We'll load Mistral-7B with 4-bit quantization and compare VRAM usage.

In [None]:
# Configuration
MODEL_NAME = "mistralai/Mistral-7B-Instruct-v0.3"
OUTPUT_DIR = "./checkpoints/ecommerce-qlora"

# Create output directory
os.makedirs(OUTPUT_DIR, exist_ok=True)

print(f"Model: {MODEL_NAME}")
print(f"Output directory: {OUTPUT_DIR}")

In [None]:
def get_gpu_memory():
    """Get current GPU memory usage in GB."""
    if torch.cuda.is_available():
        allocated = torch.cuda.memory_allocated() / 1e9
        reserved = torch.cuda.memory_reserved() / 1e9
        return allocated, reserved
    return 0, 0

def print_gpu_memory(label=""):
    """Print current GPU memory usage."""
    allocated, reserved = get_gpu_memory()
    print(f"{label}")
    print(f"  GPU Memory Allocated: {allocated:.2f} GB")
    print(f"  GPU Memory Reserved:  {reserved:.2f} GB")

# Initial memory
print_gpu_memory("Initial GPU Memory:")

In [None]:
# Define 4-bit quantization configuration
bnb_config = BitsAndBytesConfig(
    load_in_4bit=True,                    # Enable 4-bit quantization
    bnb_4bit_quant_type="nf4",           # Use NormalFloat4 format
    bnb_4bit_compute_dtype=torch.bfloat16, # Compute in BF16 for stability
    bnb_4bit_use_double_quant=True,       # Enable double quantization
)

print("BitsAndBytes Configuration:")
print(f"  load_in_4bit: {bnb_config.load_in_4bit}")
print(f"  bnb_4bit_quant_type: {bnb_config.bnb_4bit_quant_type}")
print(f"  bnb_4bit_compute_dtype: {bnb_config.bnb_4bit_compute_dtype}")
print(f"  bnb_4bit_use_double_quant: {bnb_config.bnb_4bit_use_double_quant}")

In [None]:
# Load tokenizer
print("Loading tokenizer...")
tokenizer = AutoTokenizer.from_pretrained(MODEL_NAME, trust_remote_code=True)

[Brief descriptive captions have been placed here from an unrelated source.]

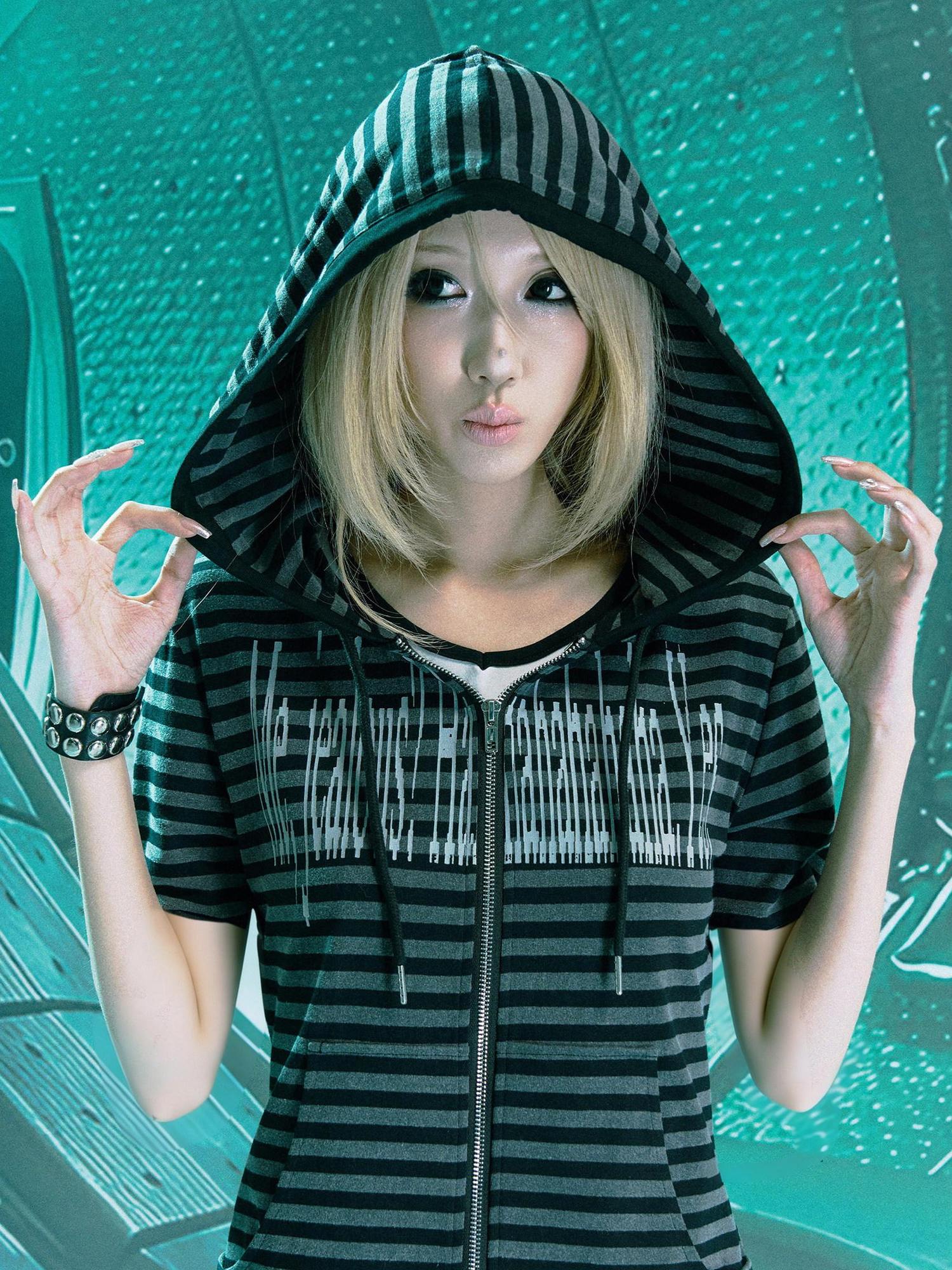 PAIKI Sorona Blend Slim Fit Hooded Unisex Striped Digital Print Short Sleeve T-Shirts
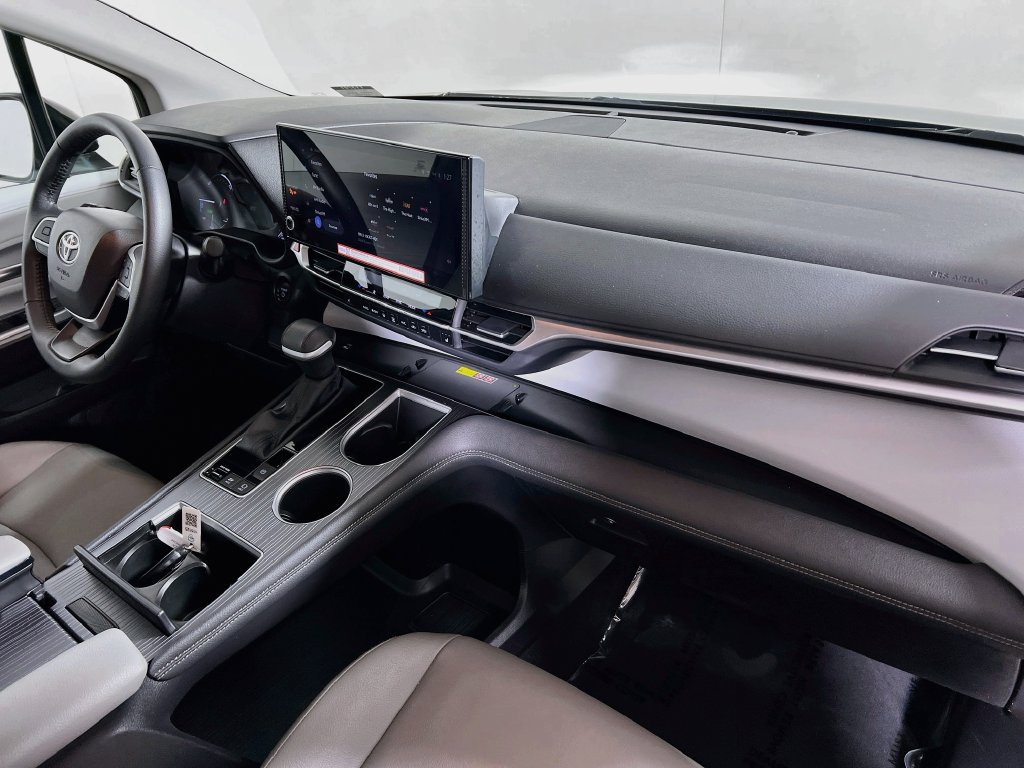 Certified 2025 Toyota Sienna XLE FWD image 27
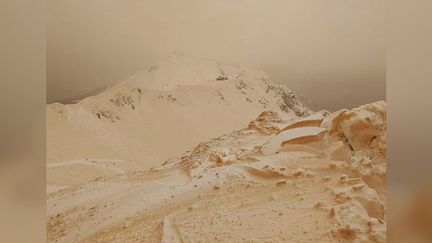 De la neige orange en Russie, en mars 2018. (MARGARITA ALSHINA / INSTAGRAM)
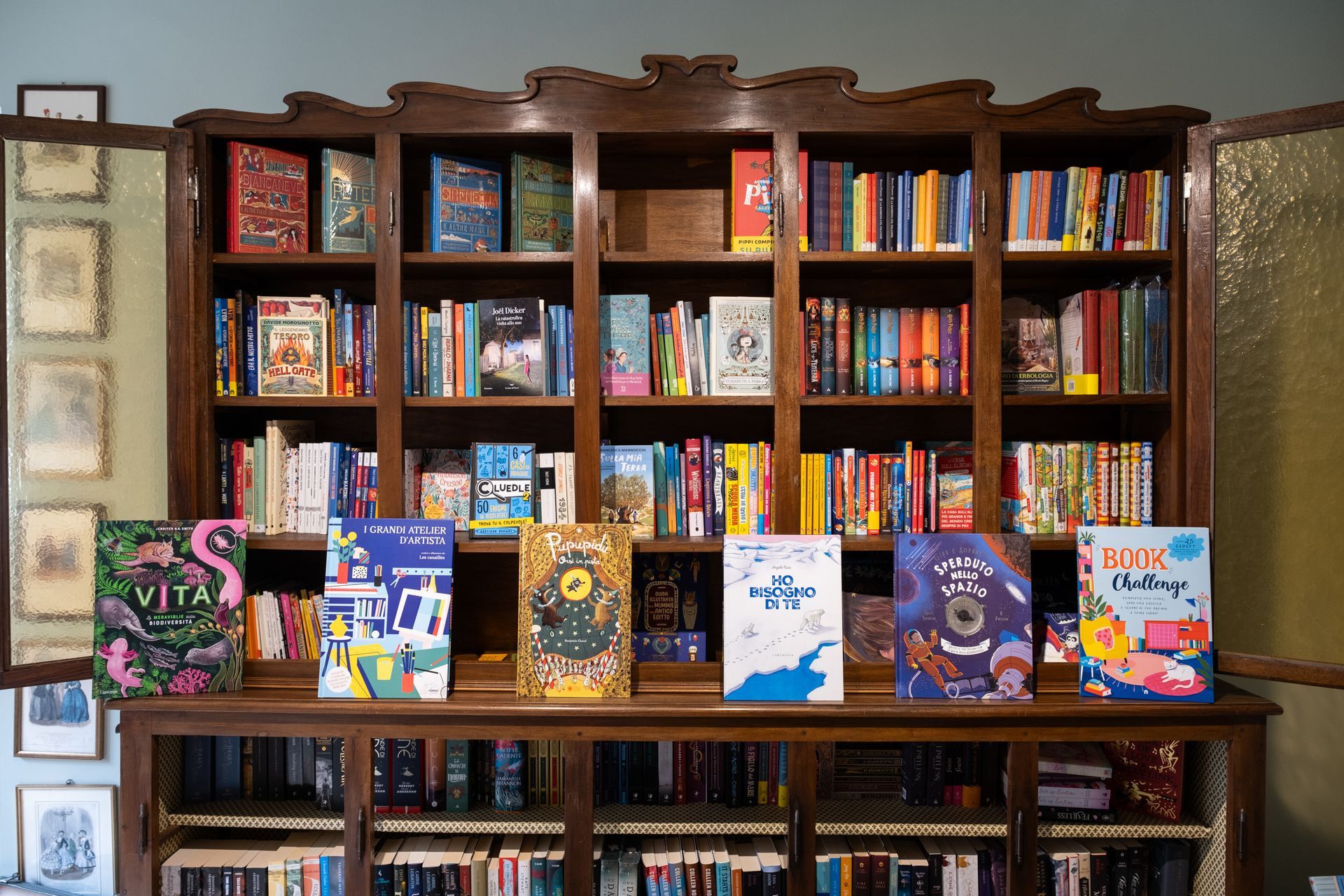 Scaffali pieni di libri colorati, con diversi libri per bambini esposti sullo scaffale anteriore.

# Set padding token (required for training)
if tokenizer.pad_token is None:
    tokenizer.pad_token = tokenizer.eos_token
    tokenizer.pad_token_id = tokenizer.eos_token_id

tokenizer.padding_side = "right"  # Required for causal LM training

print(f"Vocabulary size: {tokenizer.vocab_size:,}")
print(f"Pad token: {tokenizer.pad_token}")
print(f"EOS token: {tokenizer.eos_token}")

In [None]:
# Load model with 4-bit quantization
print("\nLoading model with 4-bit quantization...")
print("(This may take a few minutes on first download)")

model = AutoModelForCausalLM.from_pretrained(
    MODEL_NAME,
    quantization_config=bnb_config,
    device_map="auto",
    trust_remote_code=True,
    torch_dtype=torch.bfloat16,
)

print("\nModel loaded successfully!")
print_gpu_memory("GPU Memory After Loading 4-bit Model:")

In [None]:
# Show model architecture summary
print("\nModel Architecture Summary:")
print(f"  Model type: {model.config.model_type}")
print(f"  Hidden size: {model.config.hidden_size}")
print(f"  Num layers: {model.config.num_hidden_layers}")
print(f"  Num attention heads: {model.config.num_attention_heads}")
print(f"  Vocab size: {model.config.vocab_size:,}")

# Count parameters
total_params = sum(p.numel() for p in model.parameters())
trainable_params = sum(p.numel() for p in model.parameters() if p.requires_grad)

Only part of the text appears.